Никколо Макиавелли | страница 14
Может показаться, будто в своих «Рассуждениях…» Макиавелли соглашается с Савонаролой в том, что только республика, основанная на доблести граждан, имеет право на существование во Флоренции, однако он вкладывает в слово «доблесть» совсем иной смысл, нежели монах. Но в юности Макиавелли вряд ли думал о монашеской добродетели и был глух к призывам о покаянии. (Тем не менее он написал — неизвестно, правда, когда и почему, — покаянное сочинение, которое в одном из изданий его трудов соседствует с «Уставом общества увеселения» — верх насмешки и неприличия.) Молнии, что метал монах с кафедры собора, не тревожили покой Никколо. Эти молнии могли впечатлить только чувствительные, робкие или склонные к мистицизму души (к какой из этих категорий следует отнести Боттичелли, Донателло и делла Роббиа, склонившихся пред ними?). «Ваша жизнь — жизнь свиней!» — восклицал брат Джироламо уже тогда, когда в городе еще царствовал Лоренцо Великолепный, а придя к власти, решил вычистить «свинарник». Но очень много было тех, кто не принял навязанную монахом реформу нравов, эту «культурную революцию», что сжигала на своих кострах не только Суету, но и все, что украшало прошлую жизнь, придавало ей вкус и остроту. Приходилось не только оплакивать закрытие таверн и прочих заведений, объявленных местами разврата, но еще и опасаться рвения юных «красногвардейцев», которые в борьбе с запретными удовольствиями готовы были проникать в дома и альковы своих сограждан.

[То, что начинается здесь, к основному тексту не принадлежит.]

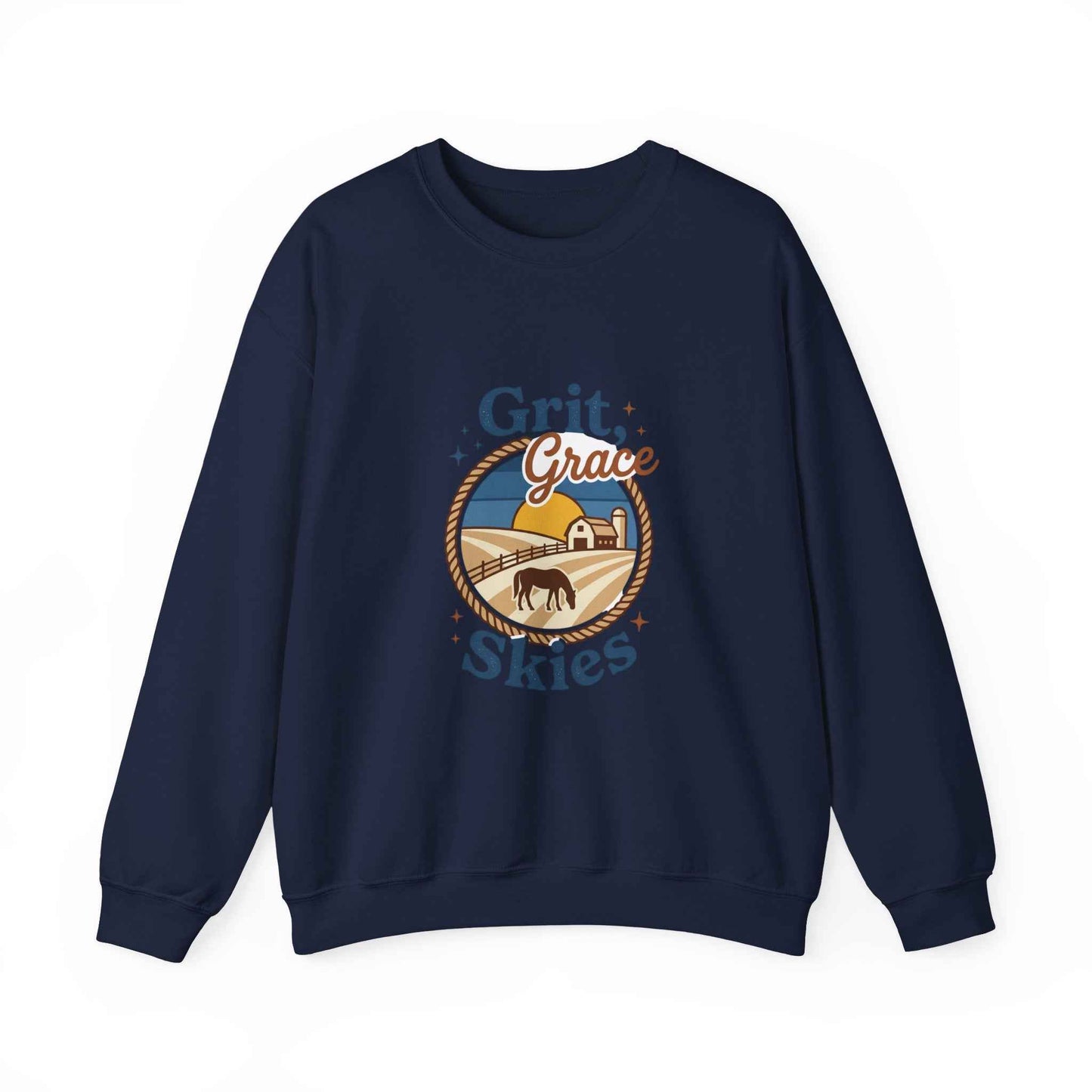 Navy vintage prairie sweatshirt by Printify featuring western-inspired design and comfortable fit, perfect for casual wear.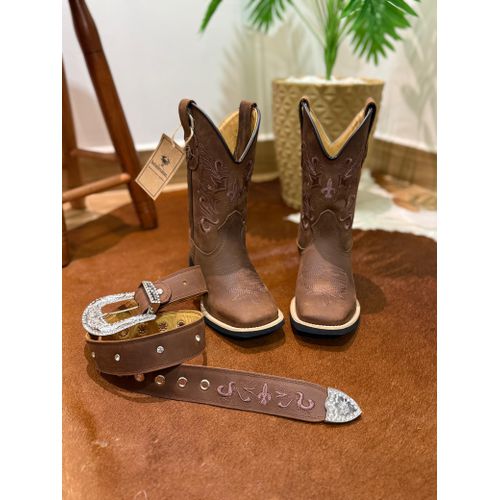 COMBO BOTA TEXANA EM COURO HORSE NESCAU BORDADO MA... - Botas Texanas Bruto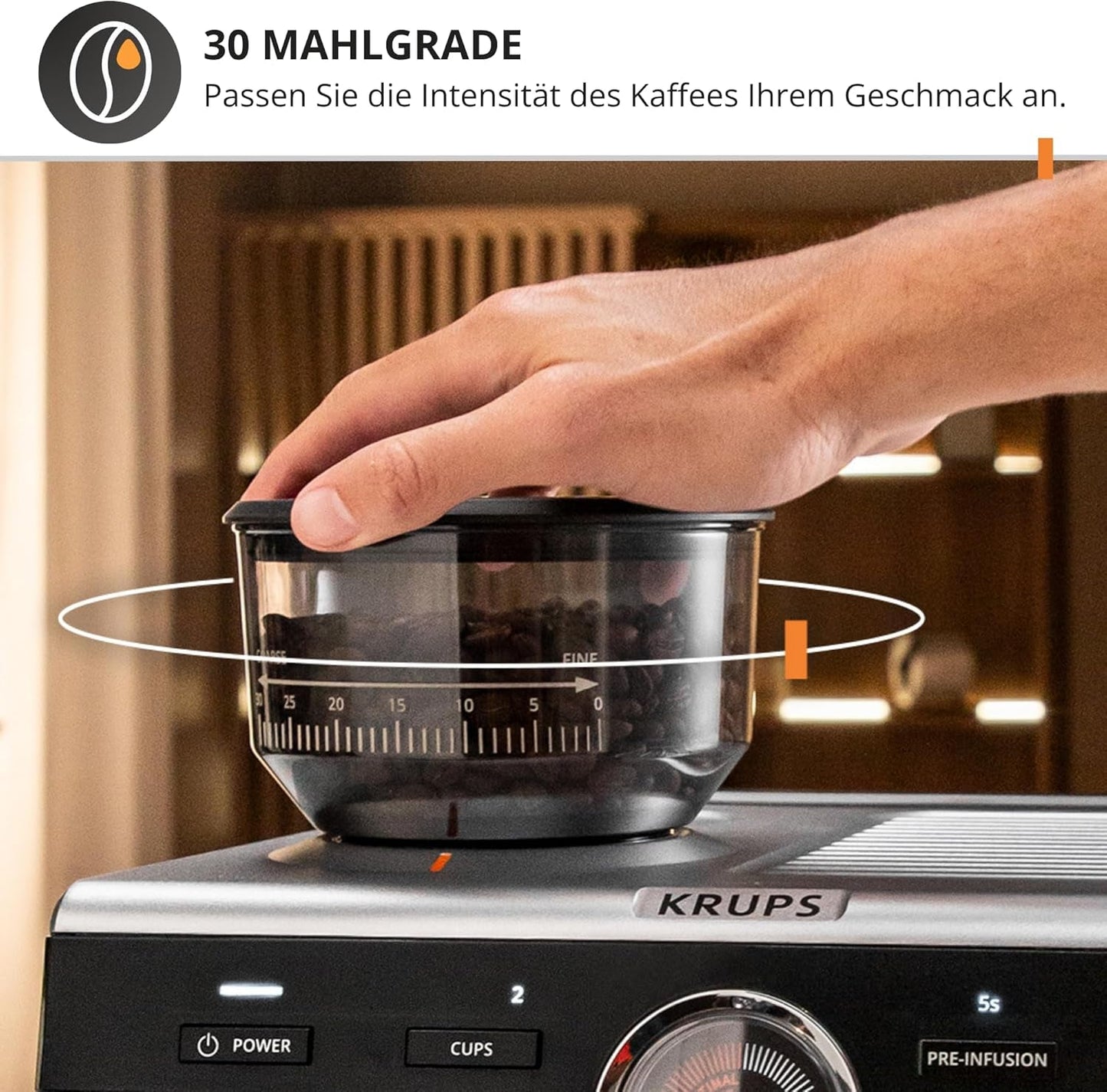 Krups Precision manuel espressomaskine med portafilter og kværn, barista kaffemaskine med intuitivt kontrolpanel, præ-infusionsindstillinger, espressomaskine med dampmundstykke, hurtig opvarmning, XP801T10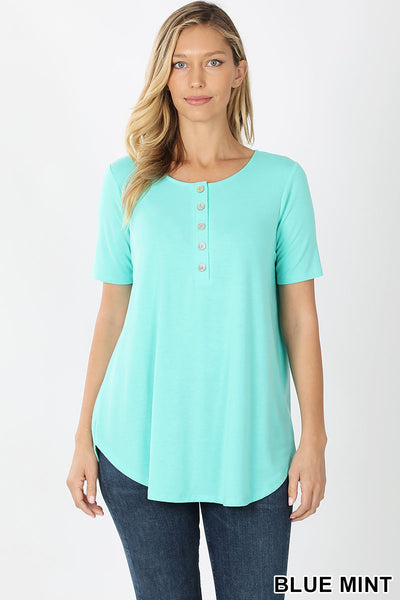 4264 1/4S Henley Shell Button TOP in BLUE MINT JV-KO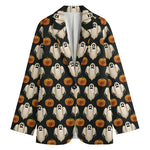 Ghost And Pumpkin Pattern Print Women's Cotton Blazer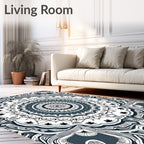 Monochromatic Intricate Mandala Bloom Rug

Самым ужасным в глазах Никколо и всех, кто поверил наконец в возможность правосудия, было молчание Савонаролы, когда во Флоренции нарушались «права человека», которые он в 1494 году поклялся соблюдать. Много лет спустя горечь обманутых надежд юности выплеснулась на страницы «Рассуждений о первой декаде Тита Ливия», посвященные трагедии пятерых приговоренных к смерти за «государственную измену», которым было отказано в праве обратиться к народу, хотя закон, принятый в свое время по настоянию самого Савонаролы, такое право им давал. «Если закон этот был полезен, надо было заставить его соблюдать; если нет — не следовало за него так бороться».
Эта принципиальность удивит тех, кто не видит в «учении Макиавелли» ничего, кроме проповеди политической гибкости, доходящей порой до отступничества. Савонарола, промолчав, поступил по-своему разумно, ибо это позволило ему разом избавиться от пятерых врагов; однако Макиавелли не хвалит его за разумный поступок, но обличает «политическую предвзятость», о которой, по его мнению, сей «разумный поступок» свидетельствует. «Это событие больше, чем что-либо иное, подорвало доверие к брату Джироламо», — замечает Макиавелли.